Events

Drama and dance class helps teacher candidates focus on social justice

February 20, 2020
BY GERRY RUCCHIN

Teacher candidates perform a dance and drama routine at the Faculty of Education.

Dance and drama are more than performing arts. Rather, these disciplines teach important life-skills such as communication, collaboration, problem-solving, perspective taking, and critical thinking that can support students at all levels of education with their academic achievement and success.

For the past four years, a mandatory dance and drama course has been offered at the Faculty. One component of the course invites teacher candidates to explore social justice themes and concepts, through dance and drama, while making connections to the Ontario elementary curriculum.

“The arts are really about exploring our world,” said course instructor, Traci Scheepstra, PhD. “It’s about knowing ourselves, learning about others and learning about the world around us.”

The arts support learning that is process-oriented, not just product driven, added Scheepstra. This means a performance doesn’t have to be the goal when creating art. However, working through ideas to produce a final product can be a valuable experience for students. Performance opportunities invite students to share what they have learned about a particular topic through a creative means of expression. Students also develop life skills when working with others in the art making process.

Teacher candidate Michelle Suave appreciated exploring the creative process. As a trained dance teacher, she said this process doesn’t occur when teaching in a dance studio.

“It’s a different curriculum,” said Suave. “When you’re working in a studio it’s very traditional as you teach from a book.”

In the course, teacher candidates learn that there’s a multi-step approach to working through an idea from inception to completion. First, students brainstorm an idea that focuses on equity and inclusion.

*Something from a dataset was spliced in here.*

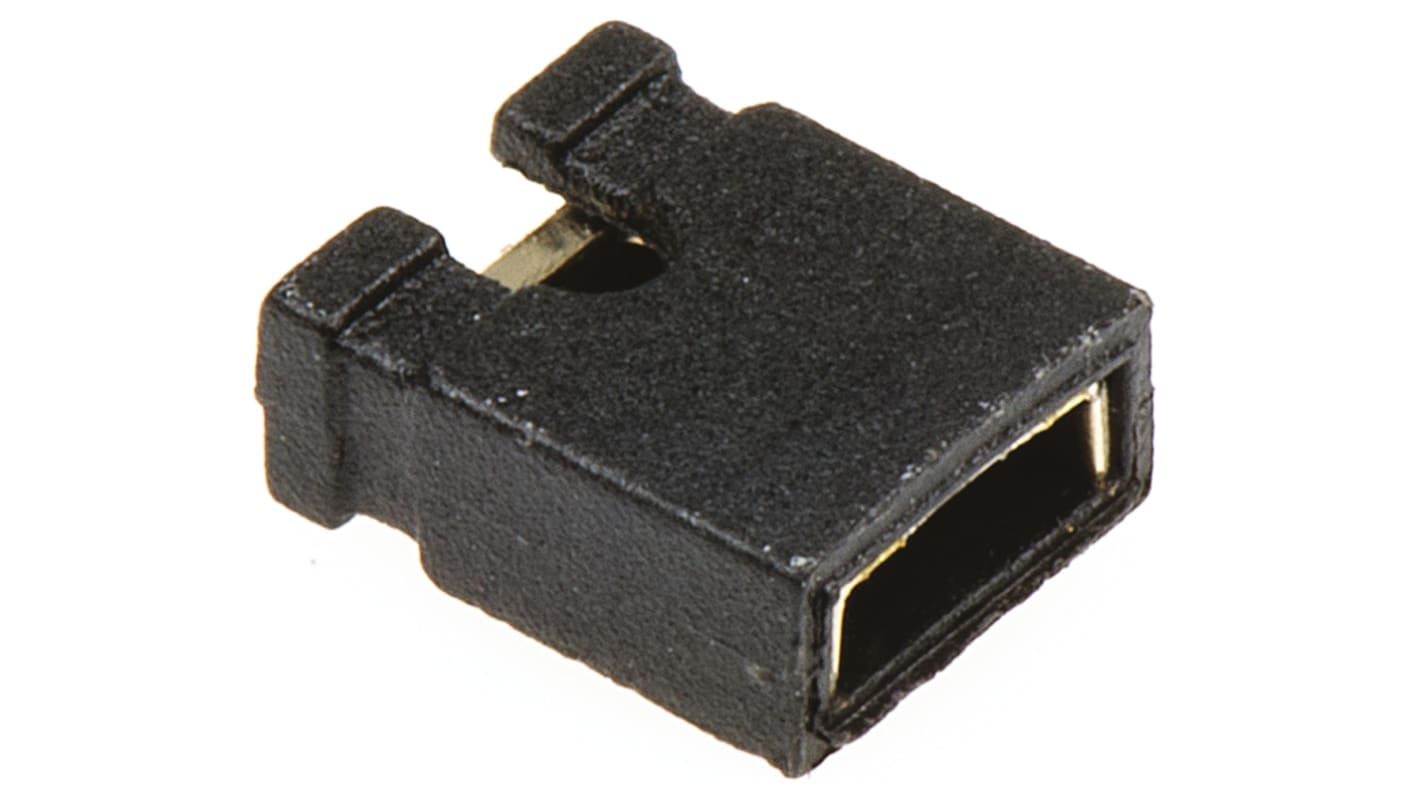 Mikroprzełącznik, Żeński, Prosty, Czarny, typ: Otwarta góra, 2-pinowe raster: 2.54mm, Złoto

Then, they break down that theme into issues. Finally, they connect their selected issue to the curriculum and how it can be expressed through dance and drama, said Scheepstra.

At the end of the course, teacher candidates perform in front of their classmates.

The dance and drama talent varies in the class. Some teacher candidates have formal dance and drama training while others don’t have any. Regardless of their skill level, they leave the class with confidence.

“If I can do it then I can teach my students to feel confident even if they feel they’re not capable of doing something,” said teacher candidate Robyn Nicholls.

Teacher candidates also learn that there is much more to the arts than art making, said Scheepstra. Dance and drama supports mental health and wellness, the building of safe classroom communities, cross-curricular teaching – such as dance and math as well as dance and social studies – and embodied experiences where students learn by “doing.”

The arts provide unique learning opportunities for students when used in school settings. 

“It’s what makes meaning of our lives and what helps us to communicate, feel and discern,” said Scheepstra.

For students like Nicholls, the dance and drama course has increased her confidence in how to incorporate the arts into her lesson planning.

“It gives us a foundation to build on because a lot of kids don’t know how to incorporate the arts or may not see the value in it,” she said. “I feel most of us leaving this class will feel more comfortable.”